I just ordered an American Rotary 5hp the other day.


----------



## DFWKen (Apr 20, 2017)

Bob Korves said:


> American Rotary https://www.americanrotary.com/ is also a good source of rotary phase converters.  Building your own is also a real possibility, and you can save a lot of money that way if you want to supply the time and effort, and is not that difficult.  There is help available on this forum for choosing components and tuning it to best match your machine(s).



Pricey, indeed!  $3,000 for a 10HP.   Rotary phase converter is in my future.  A 10hp will be much easier and less expensive.


----------



## NCjeeper (Apr 20, 2017)

10 hp delivered to your door for $720.
http://www.ebay.com/itm/281062664604?_trksid=p2060353.m1438.l2649&ssPageName=STRK:MEBIDX:IT


----------



## DFWKen (Apr 20, 2017)

NCjeeper said:


> 10 hp delivered to your door for $720.
> http://www.ebay.com/itm/281062664604?_trksid=p2060353.m1438.l2649&ssPageName=STRK:MEBIDX:IT



That's not a bad price. Building my own would be near $500 even with a used motor. The 10HP sounds like it'll do the trick. Some sites say 15HP for a 5hp lathe duty application; but the specs seem way over the requirements of this lathe.  Maybe they're for 100% duty cycle at max current. (Which I'll never see)

Will look for a motor first. Building appears simple.  I have experience re building up to 50hp a/c compressor controls. The required components look very familiar.  

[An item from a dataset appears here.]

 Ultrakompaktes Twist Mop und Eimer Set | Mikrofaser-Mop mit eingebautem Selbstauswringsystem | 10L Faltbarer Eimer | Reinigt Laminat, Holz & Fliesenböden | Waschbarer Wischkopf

So I think I have a plan.  Excited about stepping up to a nicer economy lathe from my old Chinese 10 x 36.


----------



## coolidge (Apr 20, 2017)

By the way American Rotary told me I'd need 30 amps of single phase for the 5hp RPC I purchased, which I have, but how much are you going to need for a 10hp, just thought I would throw that out there.


----------



## NCjeeper (Apr 20, 2017)

Going to be running mine off of a 50 amp circuit that have for my welders.


----------



## coolidge (Apr 20, 2017)

Speaking of electrical which always drains my wallet my new 3ph band saw requires a 3ph 20 amp Square D breaker...which cost me a whopping $99 from American Rotary dang! I thought maybe American Rotary was jacking up the price but I ran the part# and that's what it cost elsewhere.  The 20 amp panel mount receptacle $40, plug end $40, well you get the picture electrical adds up.


----------



## DFWKen (Apr 20, 2017)

coolidge said:


> By the way American Rotary told me I'd need 30 amps of single phase for the 5hp RPC I purchased, which I have, but how much are you going to need for a 10hp, just thought I would throw that out there.

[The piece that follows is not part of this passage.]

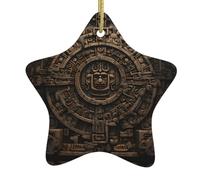 Yyhhaofa Pendentif étoile en céramique pour sapin de Noël Motif Textures Civilisation antique Décoration Malls, supermarchés, boutiques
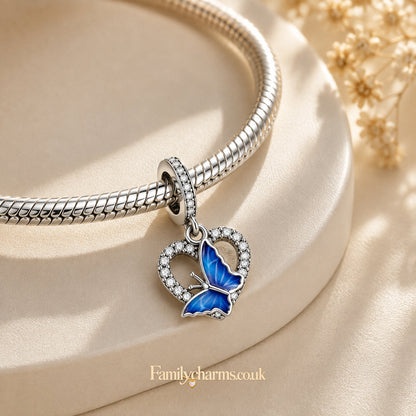Blue Butterfly Heart Pendant Sterling Silver Charm Hallmarked S925 for Charm Bracelet and Necklace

yeah, 50 amp breakers and #8 wire should do it.  All my shop wiring is in metal conduit and the longest run from the sub panel is only like 15'.


----------



## Ulma Doctor (Apr 20, 2017)

as a point of information,
a 7.5 hp RPC would suffice for powering a 5hp lathe
as a matter of fact i have run 10 hp machinery from a 7.5 hp RPC without incident. ( i don't recommend the practice, unless you have large single phase input wiring)


----------



## ELHEAD (Apr 20, 2017)

Bought a static converter off eBay, it came from phaseconverterusa . Suited for my 5 HP grinder. Works great. Wrong item shipped the first time. But customer service was very prompt and made correction in no time flat. Would definitely buy from them again. Oh yeah this only cost appx. $50 last yr.


----------



## NCjeeper (Apr 21, 2017)

Only problem with a static converter is the motor is going to be running at 2/3rds its capacity. That really makes your lathe speeds goofy when trying to get the right feed/speed for a job.


----------



## ELHEAD (Apr 21, 2017)

Maybe I am too pragmatic, but most of us tend to use less than 2/3 of the available power we have.
The trade off,  .667 X 5 hp = $50, 1 X 5 = $3000.
 Just my thinking.


----------



## rgray (Apr 21, 2017)

Ulma Doctor said:


> i have run 10 hp machinery from a 7.5 hp RPC without incident



I didn't know that was possible. Good to know.
I thought I was being all crazy running 6hp from a 3hp rpc (4 machines) But that's mild compared to what you did.


----------



## Bob Korves (Apr 21, 2017)

rgray said:


> I didn't know that was possible. Good to know.
> I thought I was being all crazy running 6hp from a 3hp rpc (4 machines) But that's mild compared to what you did.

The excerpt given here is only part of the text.